Most traders looking for something to trade generally have 3 choices: stocks (both common and options), futures, or currencies. There are other instuments to trade also, such as bonds and a few other exotic things - most of these are out of reach of the average trader. The most well understood trading vehicle is stocks, and least is probably currency pairs. Most people have heard of futures and they are not too hard to understand given a bit of research and reading.

First off, futures inherently have leverage far beyond stocks. Most stocks you can get 2:1 leverage overnight and 4:1 intra-day for day trading. Futures are leveraged by default because of how they are constructed. This can be a double edged sword when it comes to risk and reward. Any trader can use futures to get a good rate of return with far less money than it would take with stocks, often just a few thousand dollars to start. Stocks this is not possible (unless you delve into the murky waters of penny stocks). This allows returns to be amplified UP and DOWN. It is not unreasonable to have $5000.00 balance in your account - a single trade can make or lose $300-$500 which is a 8-10% return OR loss!) on your principal in the account. If this type of risk and volatility makes you uncomfortable, then futures are not for you.

Second, futures by nature are actively traded and lead the market pushes and selloff's. This creates volatilty which in turn creates many opportunities to trade. With this type of behavior and volatility comes the forced ability to think quickly. Traders often only have a few seconds to decide to go in and place an order or they miss the move. It is also a good trait to develop the ability to anticipate an direction and have orders in ahead of time. Again, this requires skill and fast thinking. If this is not your strong suit, or you are very analytical, futures day trading or swing trading is probably not for you.
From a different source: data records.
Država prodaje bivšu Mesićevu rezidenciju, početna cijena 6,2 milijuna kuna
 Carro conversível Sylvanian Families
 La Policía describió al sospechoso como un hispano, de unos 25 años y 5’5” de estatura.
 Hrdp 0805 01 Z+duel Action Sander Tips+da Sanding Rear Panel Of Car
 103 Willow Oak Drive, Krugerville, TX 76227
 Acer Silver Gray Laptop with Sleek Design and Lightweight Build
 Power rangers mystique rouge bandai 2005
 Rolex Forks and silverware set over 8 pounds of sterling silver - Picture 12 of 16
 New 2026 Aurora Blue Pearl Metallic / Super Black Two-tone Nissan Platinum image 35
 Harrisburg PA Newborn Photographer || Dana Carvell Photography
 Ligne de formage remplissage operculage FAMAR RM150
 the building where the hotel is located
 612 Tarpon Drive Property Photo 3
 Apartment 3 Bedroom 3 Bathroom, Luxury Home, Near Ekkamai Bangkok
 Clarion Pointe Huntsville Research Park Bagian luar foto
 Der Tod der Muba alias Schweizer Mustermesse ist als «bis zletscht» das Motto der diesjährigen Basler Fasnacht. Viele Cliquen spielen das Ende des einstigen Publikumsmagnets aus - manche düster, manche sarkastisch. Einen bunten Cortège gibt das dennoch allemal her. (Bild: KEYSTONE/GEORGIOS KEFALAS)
Lastly, you must be able to assess risk and stop levels quickly, almost second nature. You cannot enter a position and then think about where your stop should be and where your target should go. You should already know this before entering the trade. Since futures are leveraged a lot, you should always assess the stop first (read risk level) and determine the odds of that stop getting hit in the next 10-15 minutes BEFORE actually placing a trade. Why 10 or 15 minutes only?? Most trades people do in the futures market on average only last this long, unless they are swing plays. Most traders choose not to take futures overnight because of the gap risk and the additional overnight margin required to do so. Traders close out positions at the close of each day.